Não deixe acabar o café 

Suas pernas vão embaralhando meus caminhos e trombando pelos meus passos. Quantas vezes você já cruzou com alguém que um dia significaria alguma coisa? Contei três pessoas só ontem. Um ano inteiro esbarrando no mercado para um dia me apaixonar pela sua boca. Dois anos passando na sua frente para um dia acordar na minha cama. Meia hora para trombar na estação de trem, mas a gente se tromba semana que vem.
Acabou o café em casa, mas ainda tem o machiatto da boulangerie. Deixa eu adivinhar, um machiatto duplo e pain au chocolat? Hoje não, moça, não quero doçuras, doçuras me iludem.
A gente já nem pensa mais, porque pensar dói. Acorda, liga a cafeteira, tira o lixo e continua a rotina precisa e meticulosa como um gato preguiçoso. Não deixe acabar o café porque confunde.  
Pensar te joga lá no fundo do teu oceano e as águas ainda estão escuras, quem sabe uma batida de perna daquela que você aprendeu na aula de natação aos três anos de idade? Se salva, me salva. Procura em mim, procura em você e naquele outro também. Dá mais um gole no pinot grigio, outro beijo na boca, outra boca. Se arruma, mais um. 

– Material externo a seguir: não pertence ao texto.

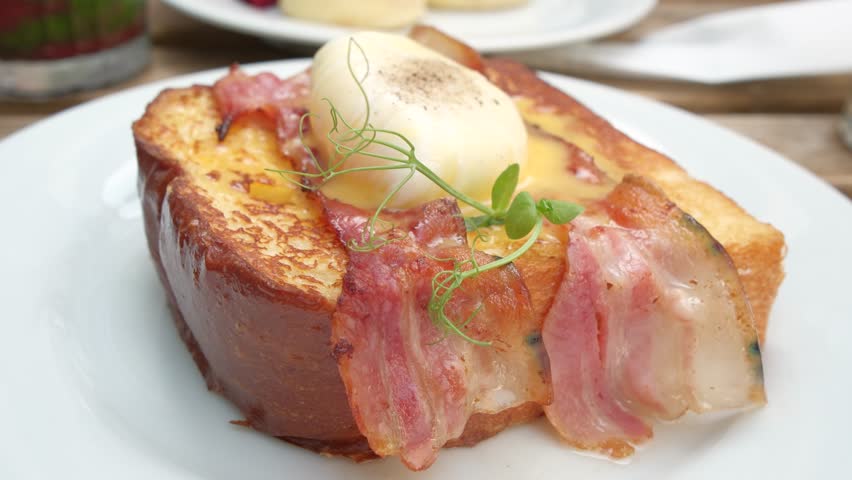 A close-up view of a poached egg resting on toasted bread with crispy bacon. Ideal for themes of brunch, gourmet food, cooking, and cafe-style meals.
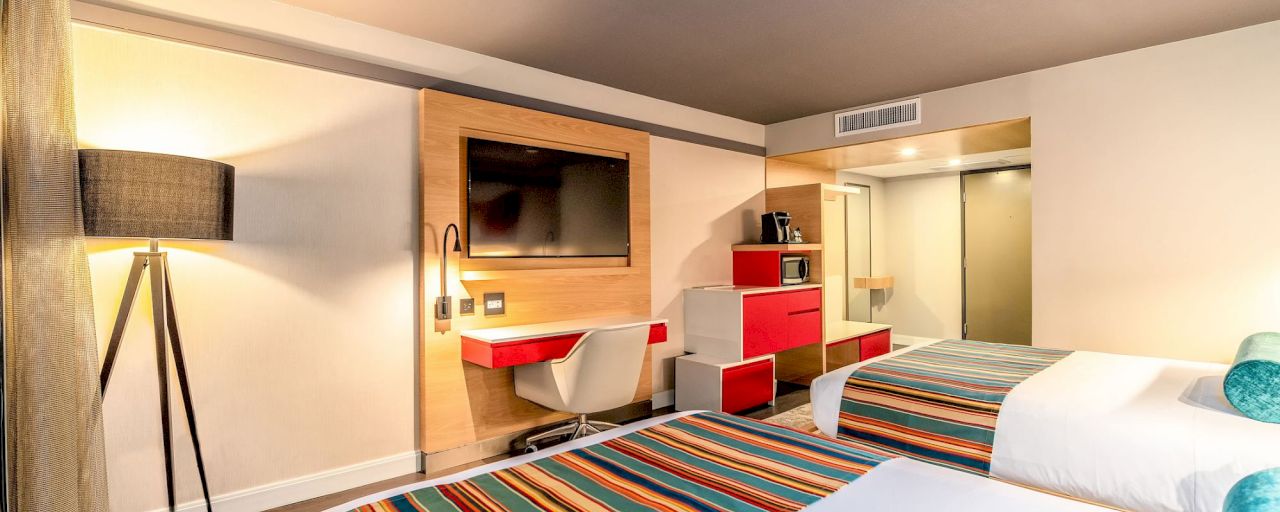 A hotel room with a bed, desk, TV, and kitchenette.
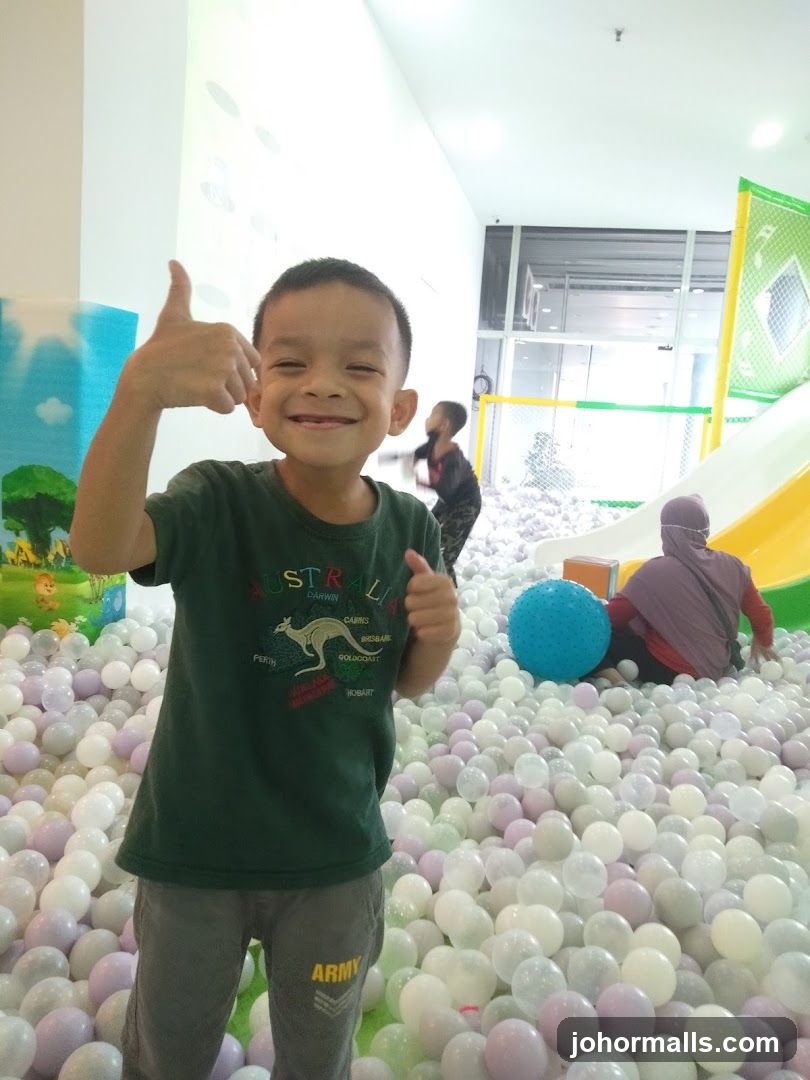 Boy in Ball Pit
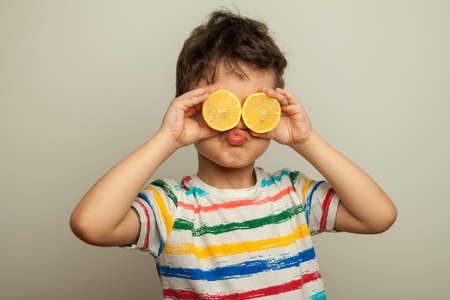 a funny emotional boy, a child with yellow fresh lemons in his hands closes his eyes with lemons and makes a face. A boy with citrus on his eyes instead of binoculars. Vitamins, healthy nutritionの写真素材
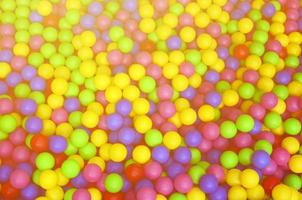 muitas bolas de plástico coloridas em uma piscina infantil em um playground. padrão de close-up foto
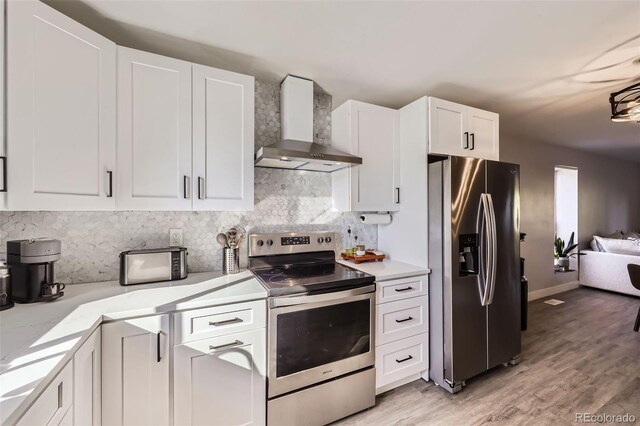 8450 Decatur St Unit 97, Westminster, CO 80031 - kitchen with stainless steel appliances, wall chimney exhaust hood, light countertops, backsplash, and white cabinets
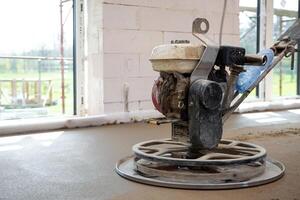 A power trowel machine smooths fresh concrete flooring inside a white brick structure with large windows and visible scaffolding outside. photo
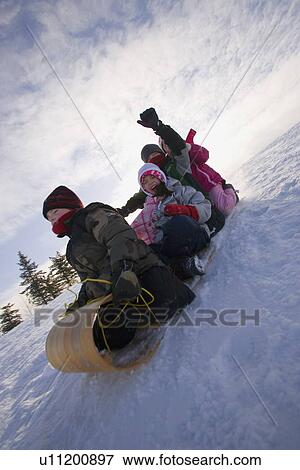 Children Tobogganing View Large Photo Image Stock Photo - Children Tobogganing . Fotosearch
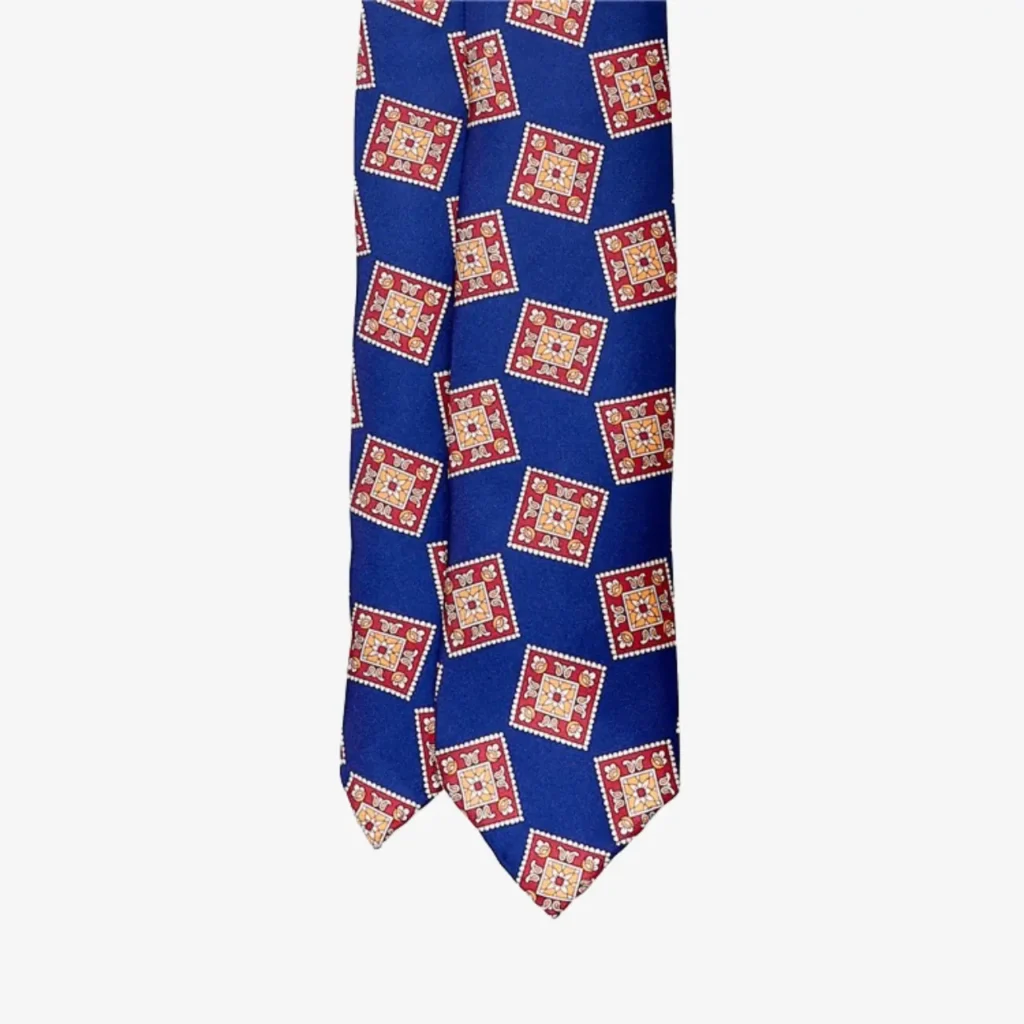 A Blue striped silk tie – Brown (Copy) made of silk, featuring blue stripes and a geometric pattern of red and yellow squares in a repeating design.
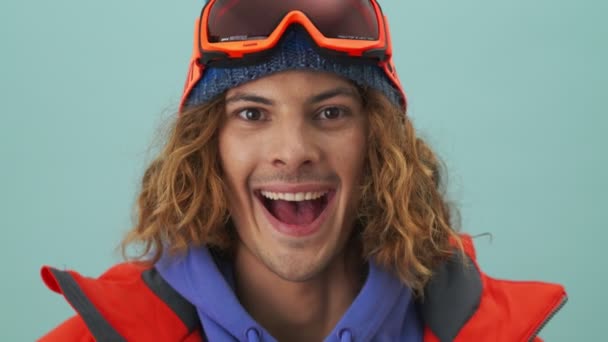 Snowboarder Sorridente Está Olhando Para Câmera Isolado Sobre Fundo Azul — Vídeo de Stock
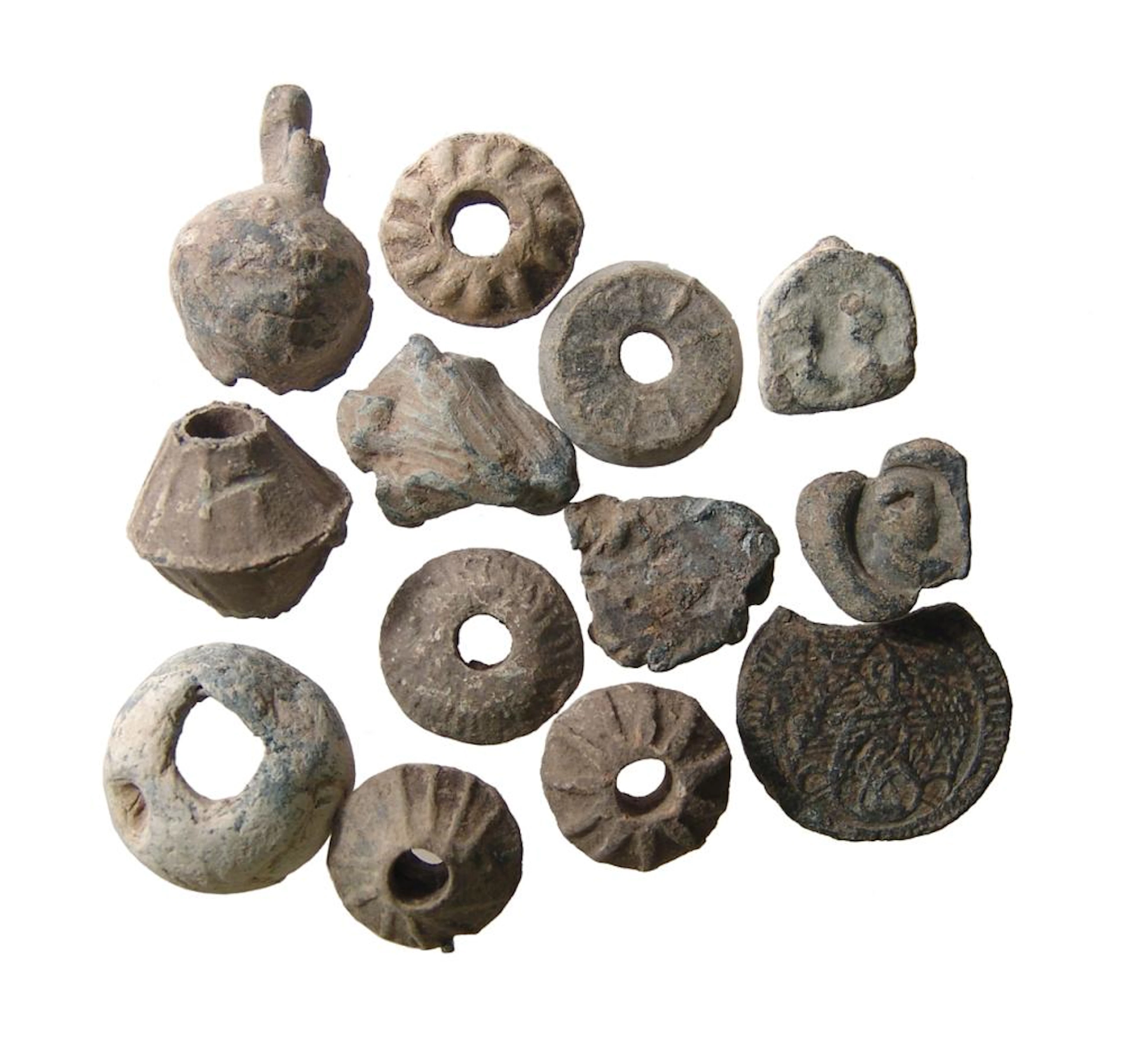 A lot of lead whorls and bullae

Os cheiros se confundem, os gostos se misturam ao suor e ao vinho, às lágrimas vencidas. Qualquer coisa que não dure muito na sua cama, levanta, mais um café, mais uma torrada. Mais um amor descartável, uma página virada, um pedaço inteiro de uma vida adormecida porque pensar dói. E tá tudo bem assim. 
Um dia esse maremoto interno acalma, mas por enquanto é preciso trasbordar.